═════ Dataset extract ═════
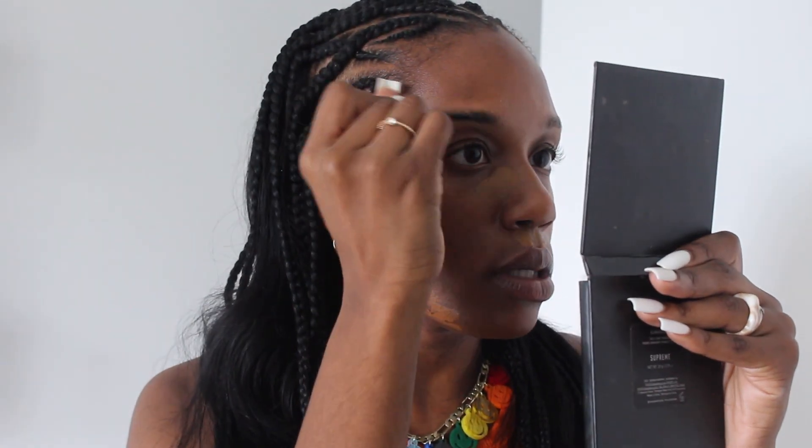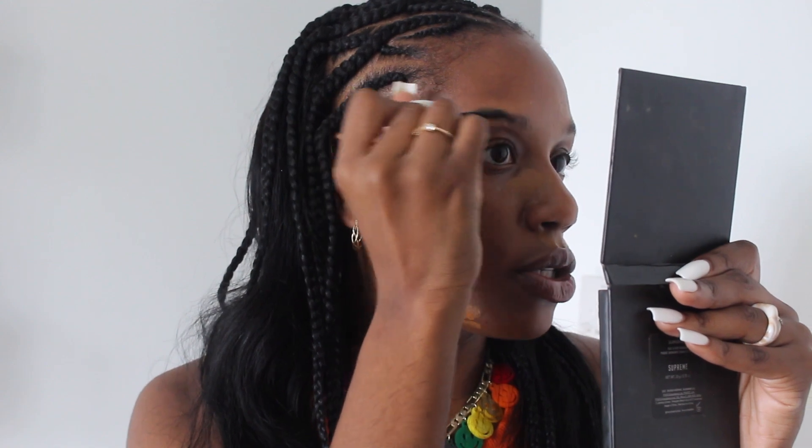I let the concealer sit for a little bit so it can become more tacky, and then I go ahead and start on my brows. I'm using the ELF Wild Brow product and brushing that through my brows because I love a more wispy look. You can do your brows however you like — this is just how I like them. After brushing that through, I blend the concealer out — not too much padding, just blend it. As you can see I have a more even canvas, which is what we love.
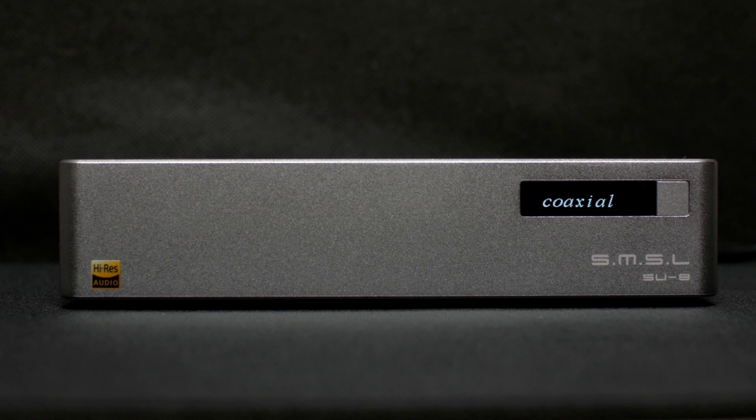These are the inputs: coaxial, USB and optical. I'll be using my TV with optical and the CD player with coaxial.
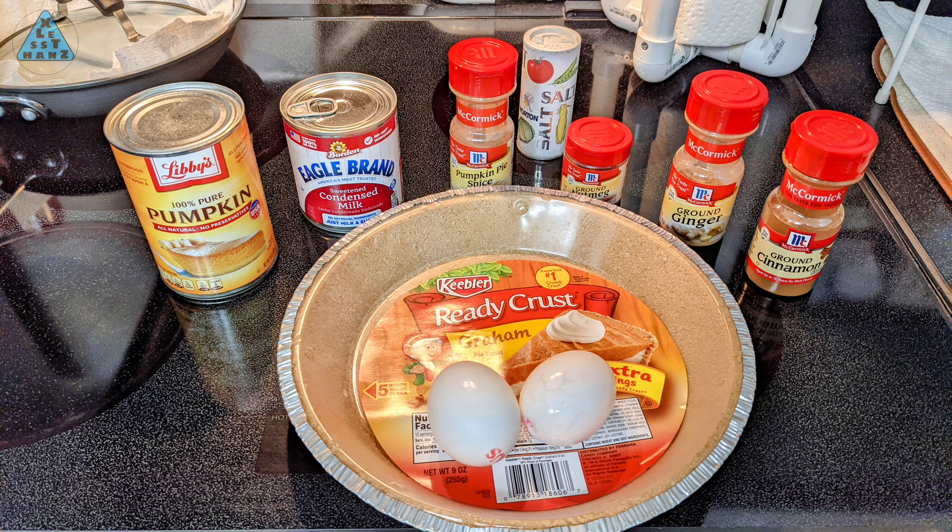These are all the ingredients I'll use in this video for my version of the pie. The changes from the original were simple: I've added pumpkin pie spice and also doubled from the original the amount of nutmeg, ginger, and cinnamon.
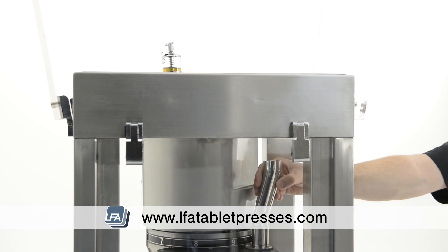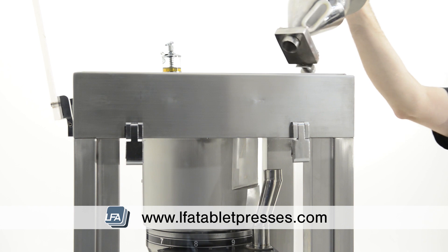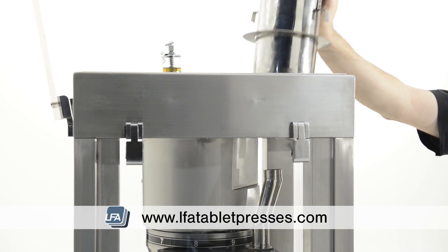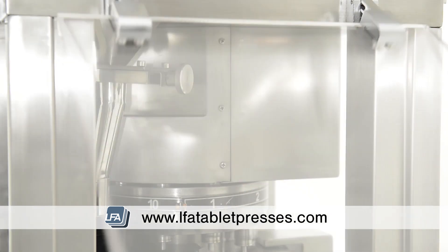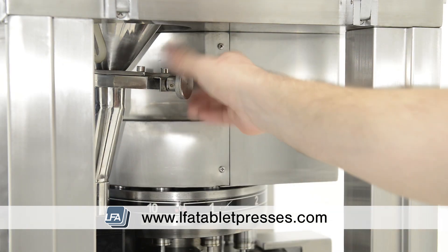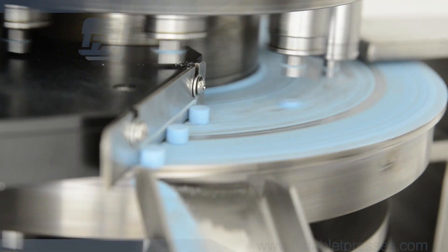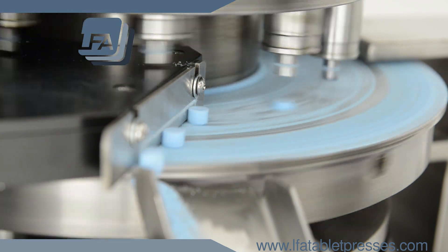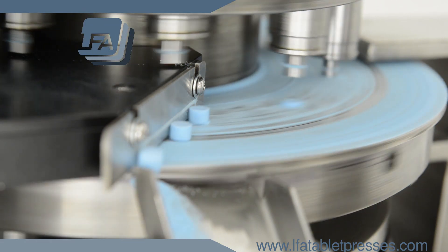We can now replace the hopper extender through the side of the machine and the hopper through the top of the machine. You can now adjust the flow adjuster on the hopper to release the formulation down into the force feeder. For more information, products and guides, please visit www.lfatabletpresses.com.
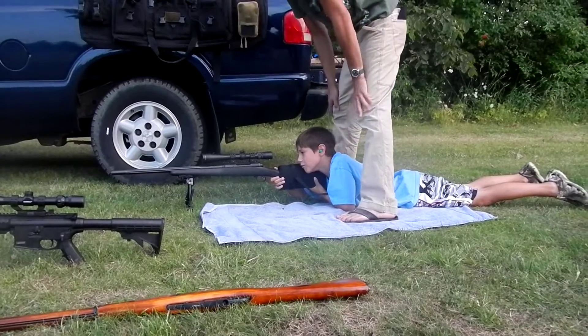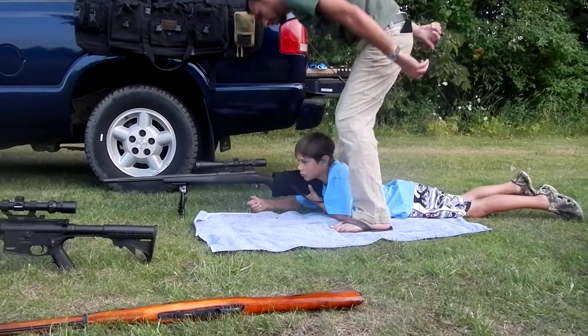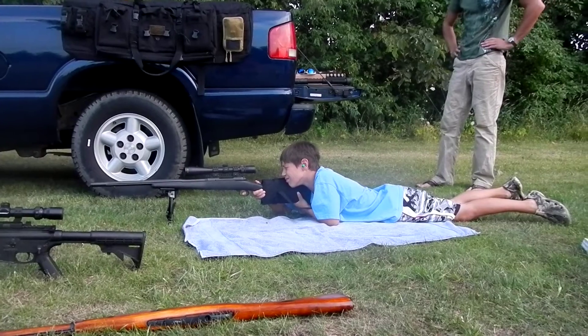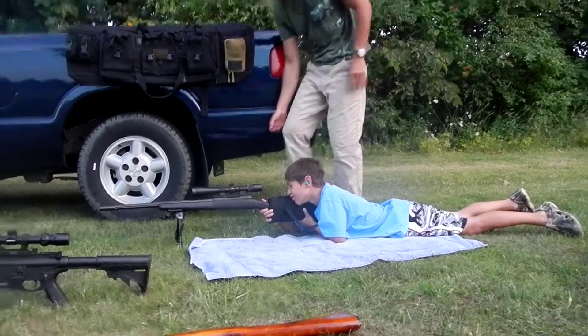Hold on, hold on — he's got to reload it. Yep. Hold on a second. Watch your thumb. Alright. Good to go. I think that's all I put in there. That's it. That's all.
═════
Reproduce the complete set of records verbatim and omit the pictures.

• The completed task:
I let the concealer sit for a little bit so it can become more tacky, and then I go ahead and start on my brows. I'm using the ELF Wild Brow product and brushing that through my brows because I love a more wispy look. You can do your brows however you like — this is just how I like them. After brushing that through, I blend the concealer out — not too much padding, just blend it. As you can see I have a more even canvas, which is what we love.
These are the inputs: coaxial, USB and optical. I'll be using my TV with optical and the CD player with coaxial.
These are all the ingredients I'll use in this video for my version of the pie. The changes from the original were simple: I've added pumpkin pie spice and also doubled from the original the amount of nutmeg, ginger, and cinnamon.
We can now replace the hopper extender through the side of the machine and the hopper through the top of the machine. You can now adjust the flow adjuster on the hopper to release the formulation down into the force feeder. For more information, products and guides, please visit www.lfatabletpresses.com.
Hold on, hold on — he's got to reload it. Yep. Hold on a second. Watch your thumb. Alright. Good to go. I think that's all I put in there. That's it. That's all.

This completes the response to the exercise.